One of the great things about digital photography is that as you expose each picture, the camera records what's called "EXIF" data along with the picture that includes things like the date it was shot, what camera and lens you were using, and what exposure modes and settings you used. You don't have to do a thing to record the EXIF data, it's recorded automatically and can be viewed in any photo-editing program. This information can be a huge help when it comes to organizing your digital photos because the dates and times that you shot the photos are recorded for you.
In addition, there are a number of excellent organizational programs for digital images that let you organize, categorize and keyword your photos so that you can store and locate all of your digital files in a computer without losing track of them. One excellent organizational program is Google's Picassa, and you can download it for free at www.picasa.google.com. Many digital cameras also come with a basic organizational program. However you choose to file your images, it's important that you start your system as soon as you begin shooting digitally. Keep this in mind: If you shoot just 20 new photos a week, you'll end your year with more than a thousand digital files—that's a lot of photos to keep track of without some help!

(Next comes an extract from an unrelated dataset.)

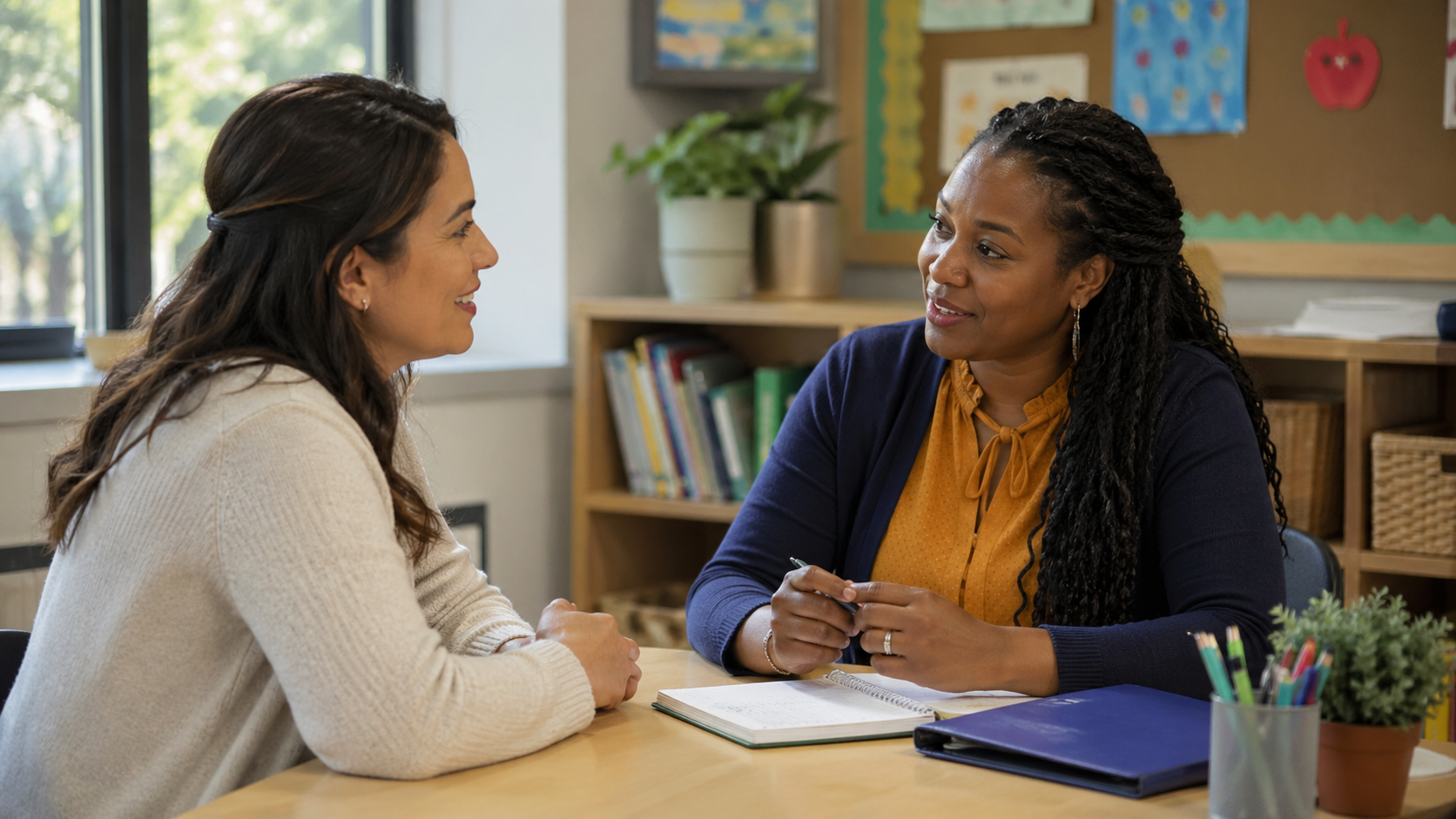Parent and teacher having a supportive school meeting at a table with a notebook, folder, and classroom materials nearby.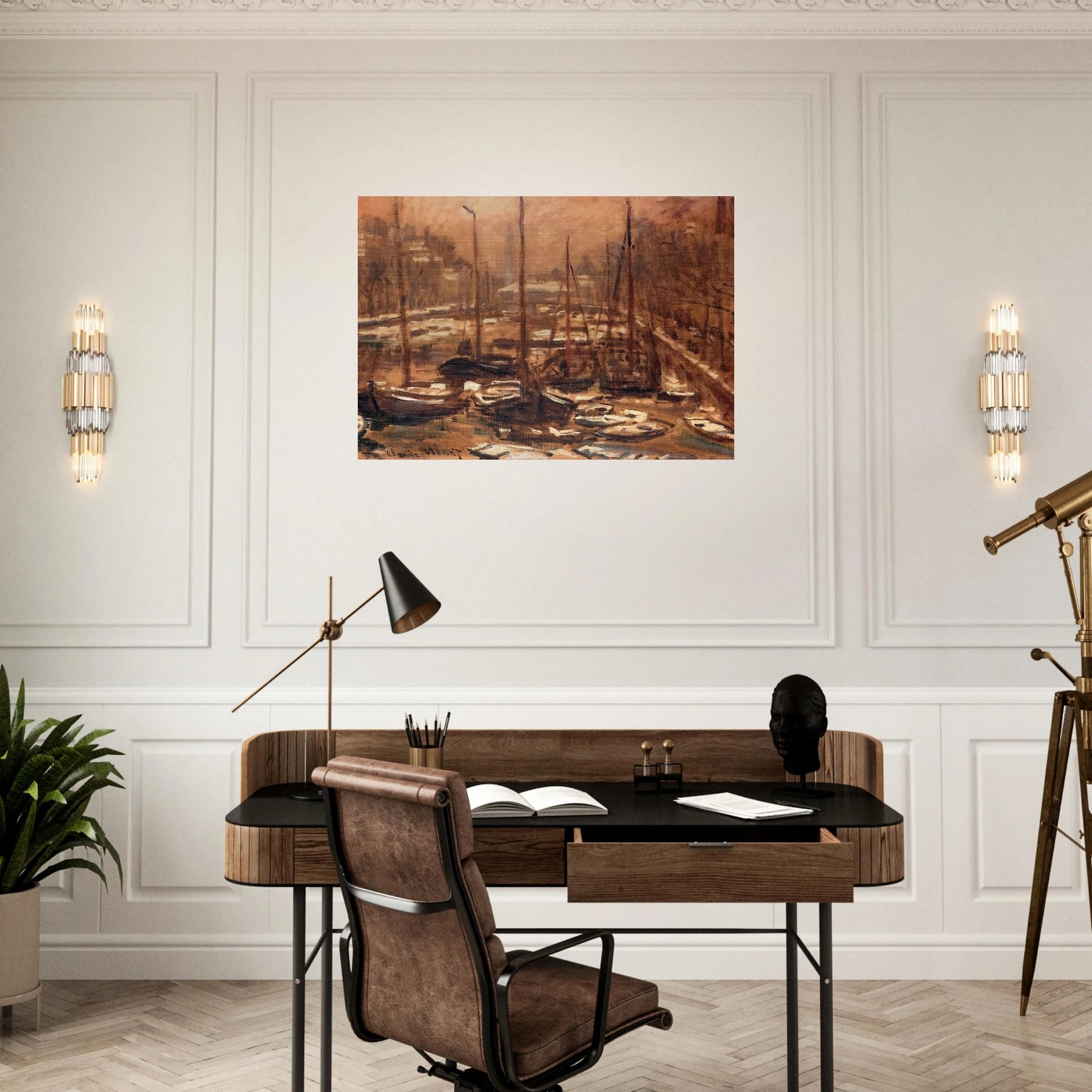 Geldersekade of Amsterdam Invierno - claude monet Brushed Aluminum Print - 70x100 cm / 28x40 inches | claude monet Aluminum Print | claude monet Prints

Logistics aside, it's important to give your photo travel journals elements of both visual surprise and emotional discovery. In other words, you want to make them interesting. In the same way that motion pictures have lulls leading to dramatic moments that lead to higher crescendos and then settle down to quieter interludes, so can your slide shows or online galleries.
Mixing up views of recognizable landmarks with interesting detail shots and informal portraits will provide visual variety, too. Try to mix ordinary scenes—breakfast by the pool—with those spectacular aerial shots of Angel Falls. The emotional contrast will surprise and entertain viewers.
Finally, don't be afraid to jazz up your digital productions with shots of trip mementos (a basket full of pine cones from Flagstaff) or insert copies of postcards that you bought and then scanned into your computer.